Non è ancora chiaro come vorrà muoversi Ko con la sua determinante quota di seggi. Tra le possibilità che lui stesso ha paventato durante la conferenza stampa nel giorno precedente al voto, c’è quella di dare il sostegno a seconda delle riforme da votare, ma per Lai le cose si complicherebbero notevolmente se Kmt e Tpp riuscissero a coalizzarsi contro il Partito progressista democratico. C’è da dire che il precedente tentativo, quello di correre insieme alle elezioni, era naufragato miseramente a un mese dal voto.
La sida di Lai
In ogni caso, la mancata maggioranza del Ppd alle elezioni legislative dice una cosa sul voto: i cittadini taiwanesi ancora una volta hanno fatto una scelta identitaria reclamando la propria sovranità e la propria distanza da Pechino, ma Lai dovrà provare a dare maggiori risposte rispetto alle questioni che hanno portato molti elettori tra i 20 e 39 anni a votare per il populista Ko Wen-je.
Ko si è presentato come l’alternativa al “blu” e al “verde” dei partiti tradizionali (i colori identificativi di Kmt e Ppd) e come leader capace di mantenere le promesse – non a caso è anche il suo slogan – conquistando i voti di oltre 3,5 milioni di persone che vogliono un cambiamento.
Chi era in piazza venerdì sera per manifestare il proprio supporto al Tpp davanti al palazzo presidenziale, lo definisce «un uomo che parla chiaro», un politico «onesto» che vuole fare l’interesse dei cittadini. Oltre alle bandiere, il gadget più indossato era un cerchietto con due foglioline in testa a rappresentare il germoglio che, insieme, diventa prato.
Il commento cinese
Nel frattempo, è arrivato un primo commento sulle elezioni da parte della Cina attraverso il portavoce dell’Ufficio per gli Affari di Taiwan, Chen Binhua, che ha fatto sapere come i risultati che hanno dato la vittoria al Partito progressista democratico «non riflettano la pubblica opinione dell’isola».

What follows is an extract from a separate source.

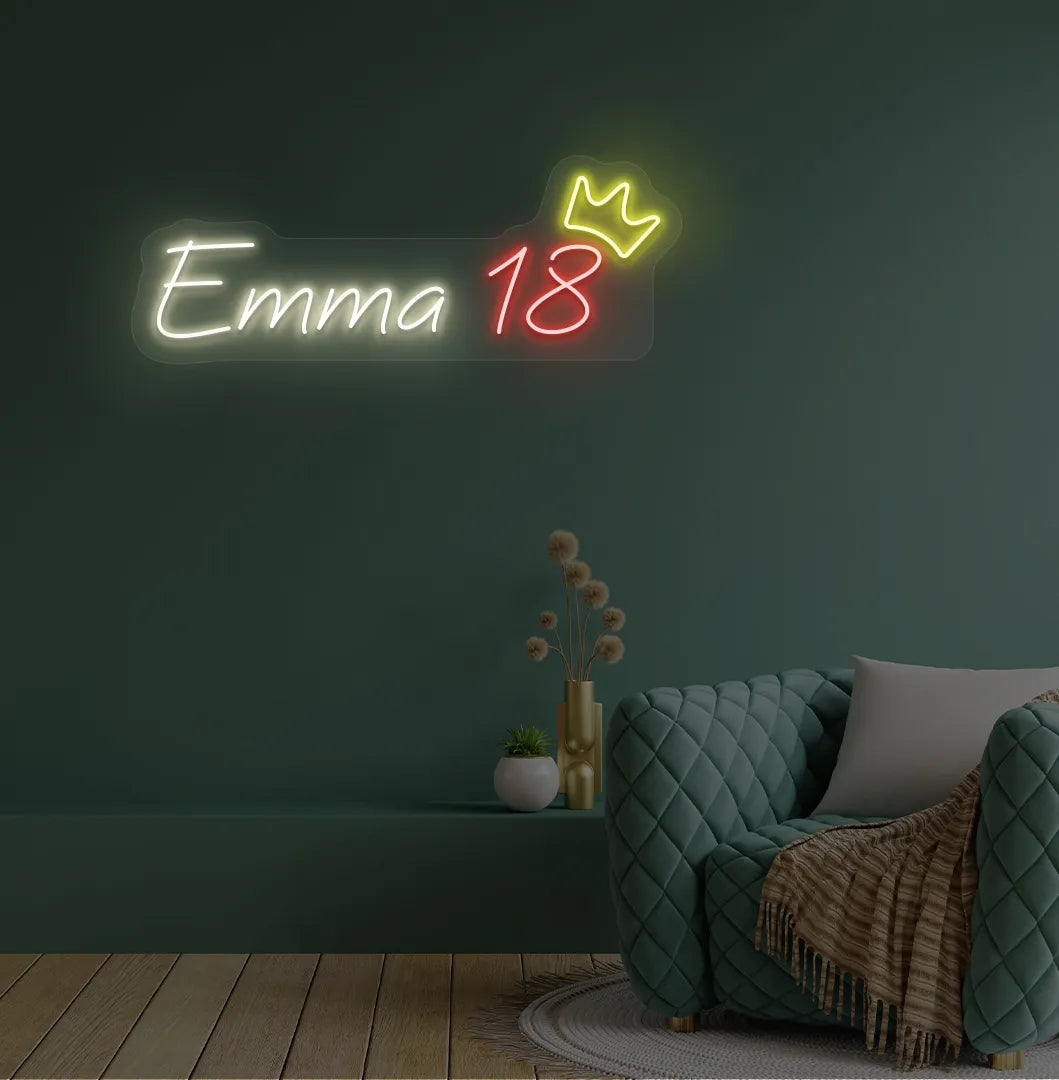 Personalized birthday name and age neon sign mounted on modern party backdrop wall in warm white color.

«Le elezioni non altereranno le aspirazioni comuni dei compatrioti al di là dello Stretto di Taiwan di stringere legami più stretti e non ostacolare l’inevitabile tendenza alla riunificazione con la Cina», si legge sull’agenzia di stampa Xinhua.
Il portavoce fa poi riferimento al «principio di un’unica Cina» e dichiara che Pechino si opporrà alle spinte separatiste che mirano all’indipendenza di Taiwan.
Per Taiwan, però, lo status quo è fuori discussione e non solo per chi alle urne ha votato Lai. Anche Kmt e Tpp, che propongono di avere un dialogo con la Cina, sostengono che non è percorribile alcun tipo di «unificazione».
La conferma per la terza volta al Ppd dimostra che le intimidazioni e la retorica di Pechino, che sono aumentate soprattutto dal 2019 a oggi, rafforzano nei cittadini taiwanesi la necessità di rimarcare la propria distanza da chi, dall’altra parte dello Stretto, reclama la propria sovranità su un territorio che di fatto è autonomo.
Zhongguo, Taiwan, yi bian yi guo. «Cina, Taiwan, per ogni sponda un paese», grida in coro chi vuole affermare la propria identità taiwanese mentre Lai viene eletto nuovo presidente di Taiwan.